15.3 Noise Reduction
Many applications arise where the relevant information contained in a matrix is contaminated by a certain level of noise. This is particularly common with video and audio signals, but also arises in text data and other types of (usually high dimensional) data. The truncated SVD (Equation (15.3)) can actually reduce the amount of noise in data and increase the overall signal-to-noise ratio under certain conditions.

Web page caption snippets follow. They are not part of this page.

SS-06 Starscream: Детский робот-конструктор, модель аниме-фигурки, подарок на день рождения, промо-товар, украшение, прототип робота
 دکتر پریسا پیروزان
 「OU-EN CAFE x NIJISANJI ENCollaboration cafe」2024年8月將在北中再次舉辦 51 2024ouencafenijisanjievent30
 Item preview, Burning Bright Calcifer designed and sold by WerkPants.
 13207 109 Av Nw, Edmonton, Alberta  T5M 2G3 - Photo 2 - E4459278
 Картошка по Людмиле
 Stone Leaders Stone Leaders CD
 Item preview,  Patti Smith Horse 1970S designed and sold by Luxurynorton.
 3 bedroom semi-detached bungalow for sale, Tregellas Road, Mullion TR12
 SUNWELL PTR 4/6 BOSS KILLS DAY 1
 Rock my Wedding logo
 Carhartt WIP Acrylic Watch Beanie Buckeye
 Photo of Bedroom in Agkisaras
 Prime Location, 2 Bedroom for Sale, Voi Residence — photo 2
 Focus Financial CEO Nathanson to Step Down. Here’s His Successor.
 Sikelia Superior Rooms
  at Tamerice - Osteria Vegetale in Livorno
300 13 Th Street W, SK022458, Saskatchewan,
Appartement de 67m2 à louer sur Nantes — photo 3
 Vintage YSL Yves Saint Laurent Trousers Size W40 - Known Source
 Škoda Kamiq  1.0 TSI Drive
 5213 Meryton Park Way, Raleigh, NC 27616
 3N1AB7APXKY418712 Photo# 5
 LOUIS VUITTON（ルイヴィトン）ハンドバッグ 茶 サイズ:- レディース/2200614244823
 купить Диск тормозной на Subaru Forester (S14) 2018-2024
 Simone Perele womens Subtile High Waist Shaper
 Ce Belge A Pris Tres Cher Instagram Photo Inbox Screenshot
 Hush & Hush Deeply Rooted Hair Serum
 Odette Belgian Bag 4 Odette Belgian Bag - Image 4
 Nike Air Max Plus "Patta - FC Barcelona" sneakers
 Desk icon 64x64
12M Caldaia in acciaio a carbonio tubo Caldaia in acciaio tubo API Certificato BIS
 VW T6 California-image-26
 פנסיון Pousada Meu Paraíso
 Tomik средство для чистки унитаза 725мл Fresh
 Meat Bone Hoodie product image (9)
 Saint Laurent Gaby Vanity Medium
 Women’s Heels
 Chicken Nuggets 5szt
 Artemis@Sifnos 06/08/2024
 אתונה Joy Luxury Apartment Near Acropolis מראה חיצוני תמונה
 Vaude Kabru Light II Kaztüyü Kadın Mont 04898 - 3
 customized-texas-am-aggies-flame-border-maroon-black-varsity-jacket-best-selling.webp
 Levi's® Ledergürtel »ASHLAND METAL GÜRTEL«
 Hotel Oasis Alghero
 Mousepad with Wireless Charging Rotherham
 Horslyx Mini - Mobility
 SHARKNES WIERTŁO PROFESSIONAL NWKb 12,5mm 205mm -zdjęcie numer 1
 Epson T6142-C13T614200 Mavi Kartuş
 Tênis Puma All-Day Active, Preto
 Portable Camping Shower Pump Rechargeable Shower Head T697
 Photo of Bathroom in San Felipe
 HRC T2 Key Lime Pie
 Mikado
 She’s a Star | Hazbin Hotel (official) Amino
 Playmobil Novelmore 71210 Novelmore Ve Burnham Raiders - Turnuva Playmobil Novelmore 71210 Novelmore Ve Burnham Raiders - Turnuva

Let’s suppose, for instance, that our matrix \(\A_{m\times n}\) contains data which is contaminated by noise. If that noise is assumed to be random (or nondirectional) in the sense that the noise is distributed more or less uniformly across the components \(\Z_i\), then there is just as much noise “in the direction” of one \(\Z_i\) as there is in the other. If the amount of noise along each direction is approximately the same, and the \(\sigma_i\)’s tell us how much (relevant) information in \(\A\) is directed along each component \(\Z_i\), then it must be that the ratio of “signal” (relevant information) to noise is decreasing across the ordered components, since \[\sigma_1 \geq \sigma_2\geq \dots \geq \sigma_r\] implies that the signal is greater in earlier components. So letting \(SNR(\sigma_i\Z_i)\) denote the signal-to-noise ratio of each component, we have \[SNR(\sigma_1\Z_1) \geq SNR(\sigma_2\Z_2)\geq \dots \geq SNR(\sigma_r\Z_r)\]
This explains why the truncated SVD, \[\A \approx \sum_{i=1}^{k} \sigma_i \Z_i \quad \mbox{where}\quad k<r\] can, in many scenarios, filter out some of the noise without losing much of the significant information in \(\A\).